Ketika dikonfirmasi soal perkembangan penyidik dugaan tindak pidana pembacokan almarhum Khani Rumaf yang merupakan akar persoalan sehingga terbakarnya THM Double O Sorong, Kombes Novia Jaya menjelaskan hanya dua tersangka masing-masing berinisial MTL alias M dan RT, sedangkan dua tersangka pembacokan yang masuk dalam daftar pencairian orang yaitu YR bersama Y.
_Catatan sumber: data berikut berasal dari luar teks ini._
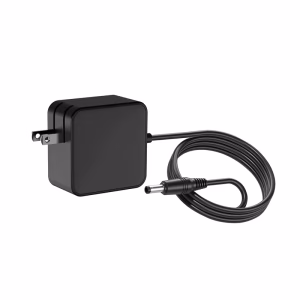 High Quality 65W USA Plug Adapter Power Supply for Microsoft Surface Book Laptop Charger QC3.0 PD3.0 Function Made ABS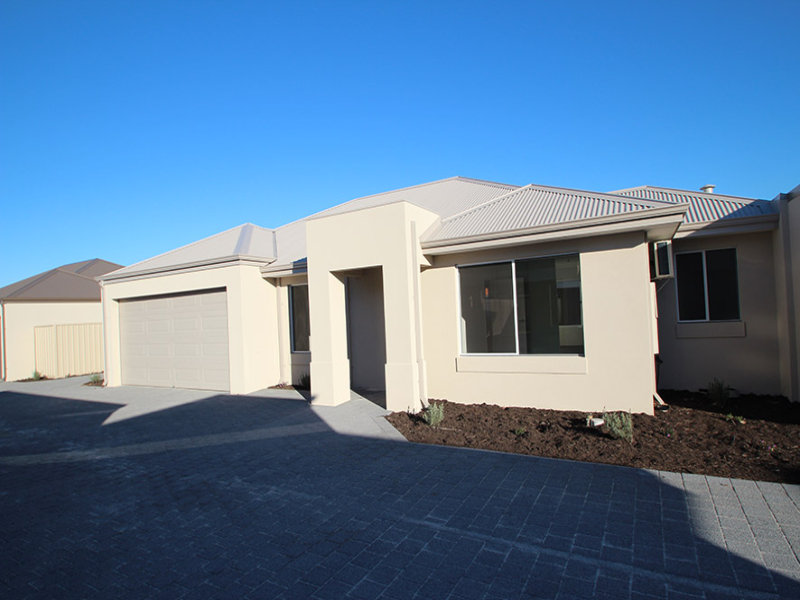 11/50 Cotoneaster Ramble, Stirling, WA 6021 Property Details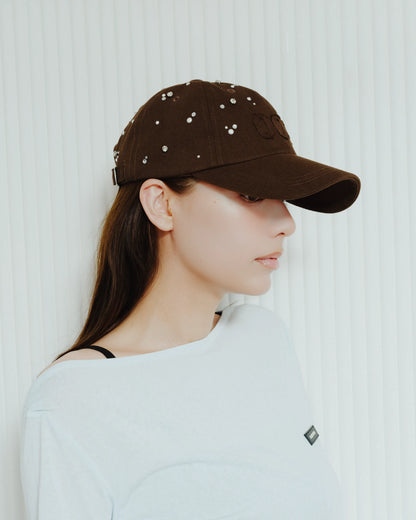 【8月リリース】Sparkle Cap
Dua tersangka pembacokan Khani Rumaf telah ditangkap lebih dulu namun perkembangan penyidikan hingga saat ini terkesan belum ada kemajuan, padahal pasal yang disangkakan kepada tersangka MTL alias M dan RT yaitu 340 KUHP tentang pembunuhan berencana yang punya korelasi dengan video yang beredar di public, yang sudah barang tentu akan dijuntokan dengan pasal 55 KUHP yakni turut serta melakukan kejahatan.
“Terkait dengan penerapan pasal-pasal akan dipertimbangan dalam pengembangan penyidikan nanti dan kami akan berkoordinasi dengan pihak jaksa,” jelas Dirreskrimum Kombes Novia Jaya.